People aren't the only animals who know when they've gotten a raw deal. So do monkeys and chimpanzees, according to some clever experiments concluded recently at the Yerkes National Primate Research Center in Atlanta. The findings provide insight into how social environment and relationships sway human decision making, reports Sarah F. Brosnan, who conducted the studies with Frans de Waal at the center.

That nonhuman primates react to social unfairness suggests that such judgment is deeply rooted in evolution. In one experiment, Brosnan and de Waal gave female capuchin monkeys granite pebbles and asked them to hand the pebbles back to the researcher. Capuchins that did so received a sliver of cucumber. The monkeys completed the exchanges 95 percent of the time.

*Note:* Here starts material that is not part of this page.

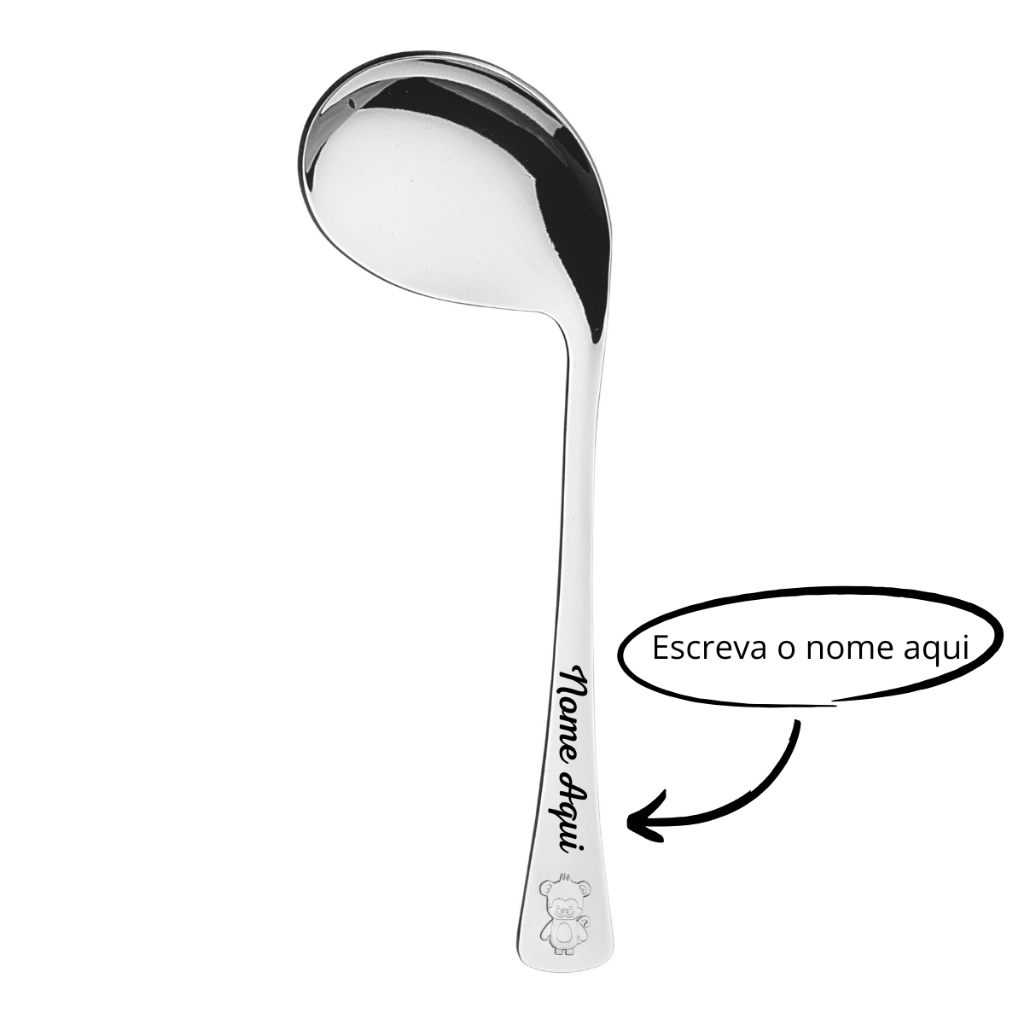 Colher Curvada Infantil Inox Tramontina Personalizada Com Nome em Oferta na Shopee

When scientists upped the reward to a coveted grape and gave it only to certain monkeys, the short-changed primates became less cooperative. Their apparent sense of inequity grew much more pronounced when the favored monkeys did not even have to perform a task for a grape; some of the offended animals refused to hand over the pebble or threw their measly cucumber at the researcher.

Social relationships can temper dissatisfaction, however. In a separate study, chimpanzees that had been raised together and lived with one another for 30 years displayed no frustration when unequal rewards were given. But chimps that had met only as adults and lived together for eight years still became agitated at inequity. Brosnan says these reactions closely parallel human behavior. People are more likely, for example, to respond negatively to an unfair situation involving a stranger than they are with good friends or spouses.